Would you please return the lines of the entries below starting at the line that has "Household Double Flavor" and ending at the line that has "Antique Chinese Brass", both included, exactly as they are?

*** Material provided Section Begins ***

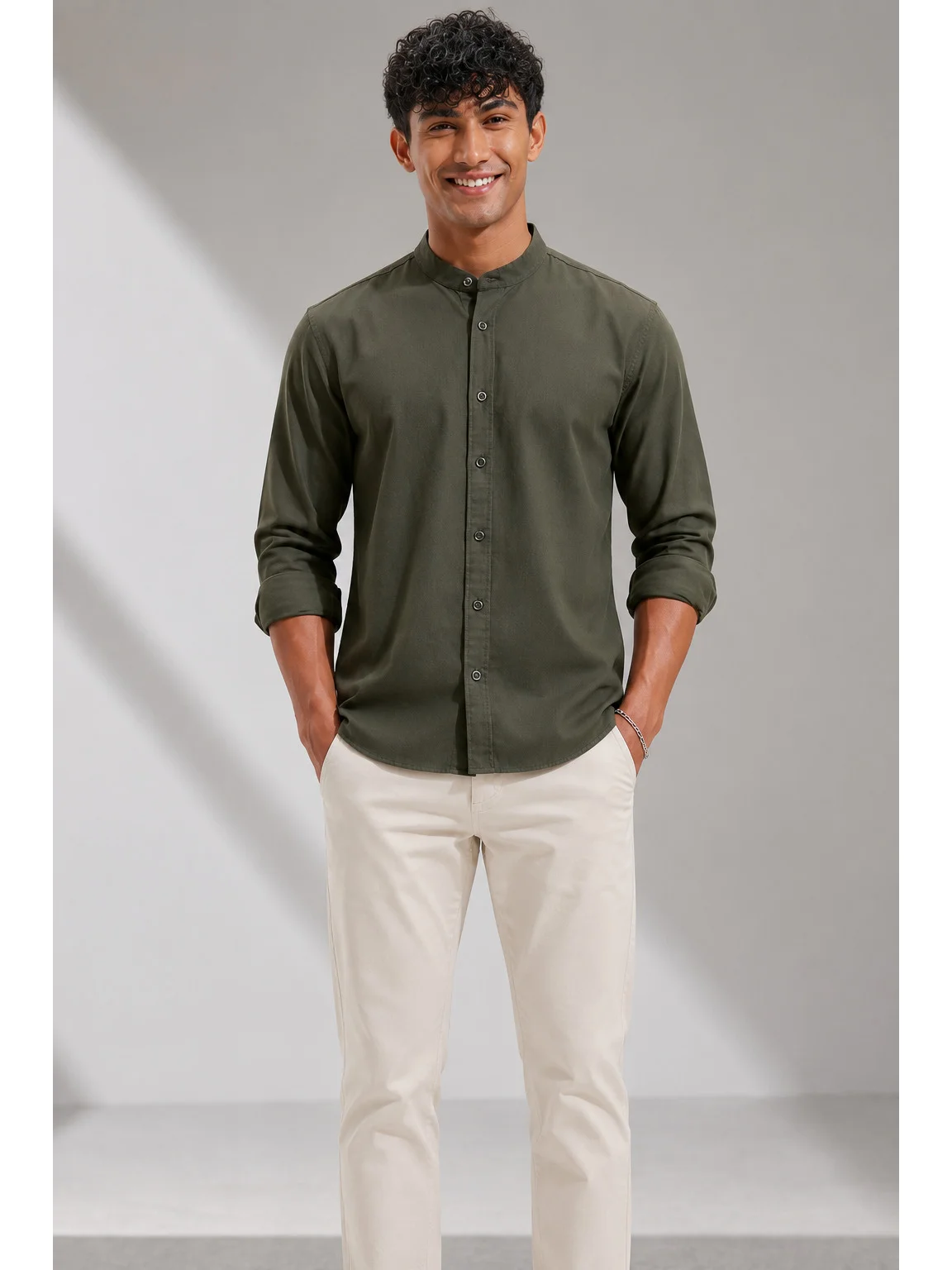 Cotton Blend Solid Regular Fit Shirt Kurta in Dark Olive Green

*** Material provided Section Ends ***
*** Material provided Section Begins ***

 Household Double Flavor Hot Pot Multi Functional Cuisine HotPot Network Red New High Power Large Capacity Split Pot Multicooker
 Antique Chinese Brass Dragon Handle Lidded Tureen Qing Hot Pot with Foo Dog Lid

*** Material provided Section Ends ***
*** Material provided Section Begins ***

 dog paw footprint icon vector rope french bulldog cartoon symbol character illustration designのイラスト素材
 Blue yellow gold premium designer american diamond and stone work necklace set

*** Material provided Section Ends ***

- [Problem solution]:
 Household Double Flavor Hot Pot Multi Functional Cuisine HotPot Network Red New High Power Large Capacity Split Pot Multicooker
 Antique Chinese Brass Dragon Handle Lidded Tureen Qing Hot Pot with Foo Dog Lid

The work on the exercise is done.